Using the records below, write out only the lines from the line containing "White table-shelf in" up to and including the line containing "a kitchen with", exactly, with no pictures.
▼
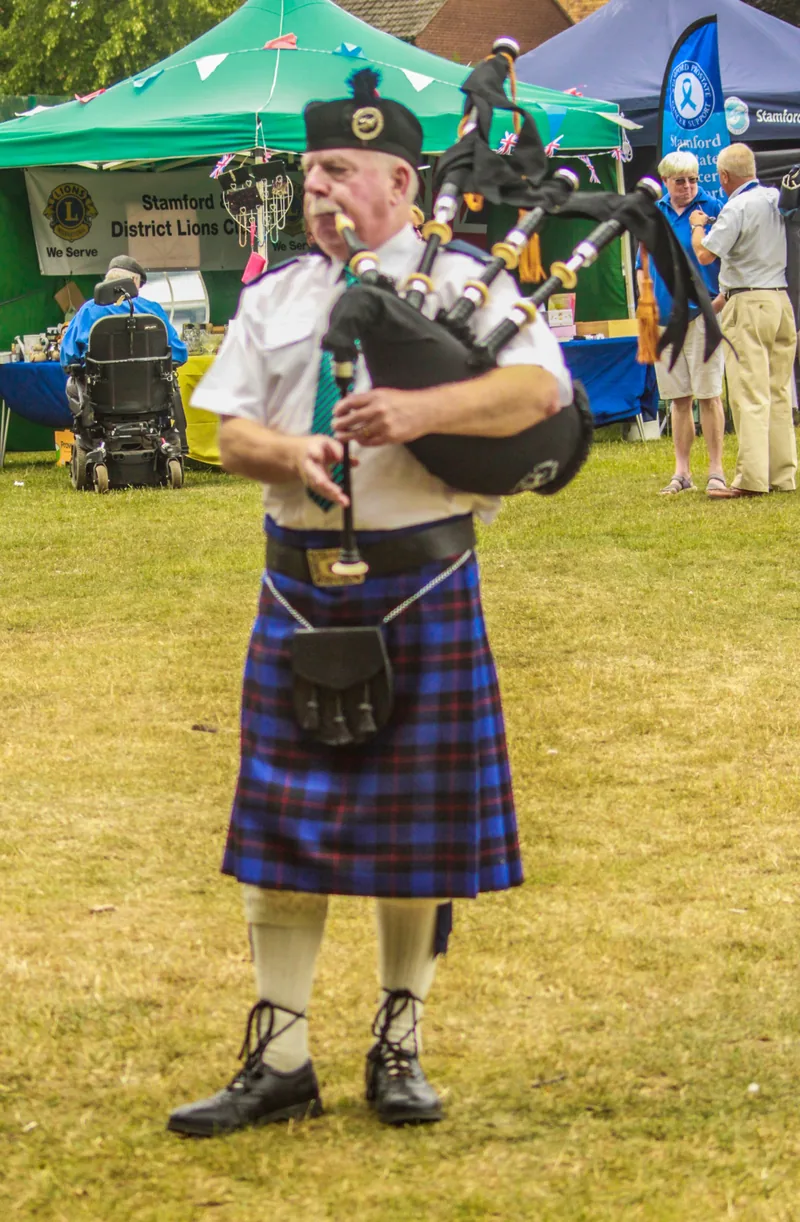 A Bomber County piper playing the bagpipes on a showground field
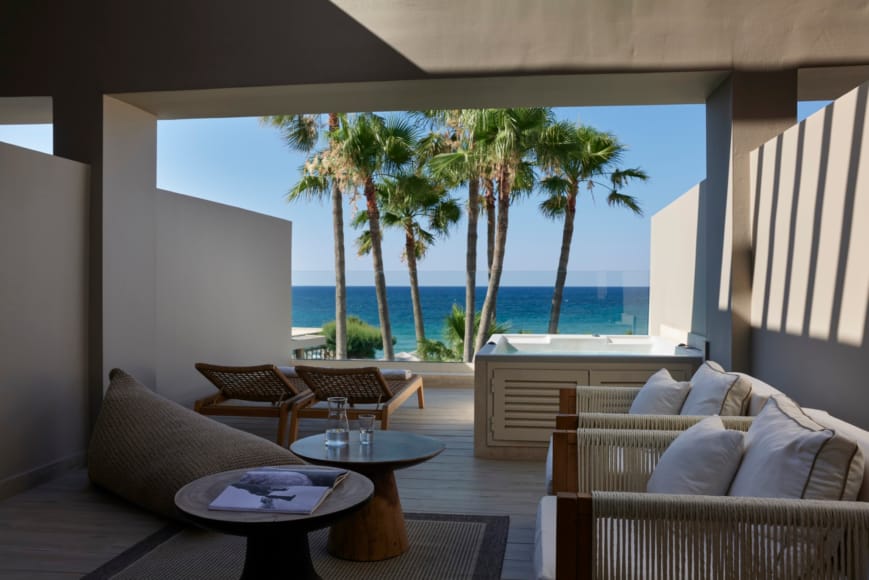 a living room with a view of the ocean
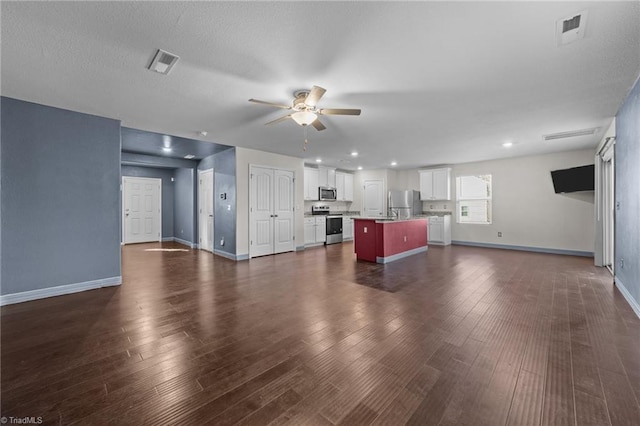 unfurnished living room featuring sink, dark hardwood / wood-style floors, and ceiling fan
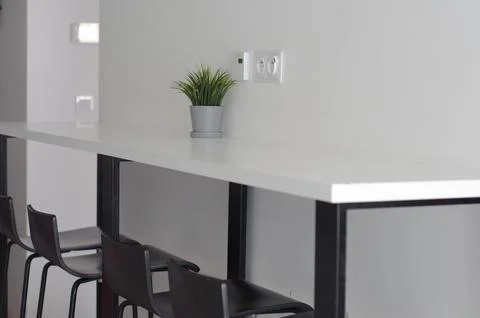 White table-shelf in a narrow kitchen. Modern interior. black chairs. Foto stock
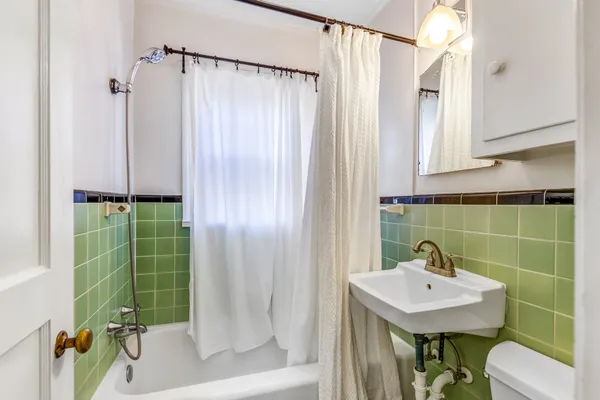 a kitchen with stainless steel appliances a stove a refrigerator white cabinets and a refrigerator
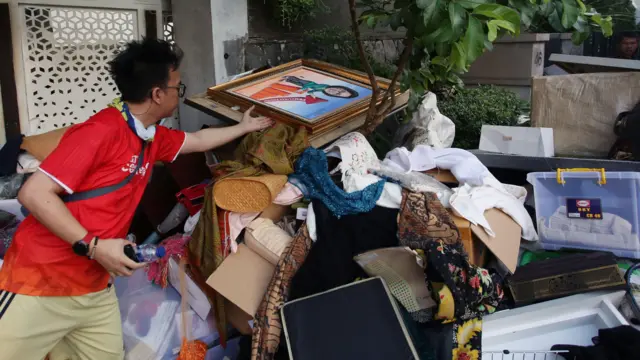 Pekerja mengumpulkan barang yang dikeluarkan dari rumah Menteri Keuangan Sri Mulyani oleh massa tidak dikenal di Bintaro, Tangerang Selatan, Banten, Minggu (31/8/2025).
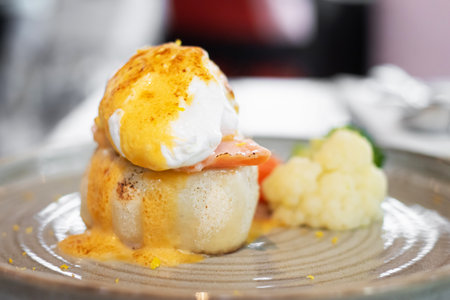 A delicious serving of poached eggs with salmon and a dollop of hollandaise sauce on a bed of creamy cauliflower.の写真素材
▲
Response to this exercise ::
 White table-shelf in a narrow kitchen. Modern interior. black chairs. Foto stock
 a kitchen with stainless steel appliances a stove a refrigerator white cabinets and a refrigerator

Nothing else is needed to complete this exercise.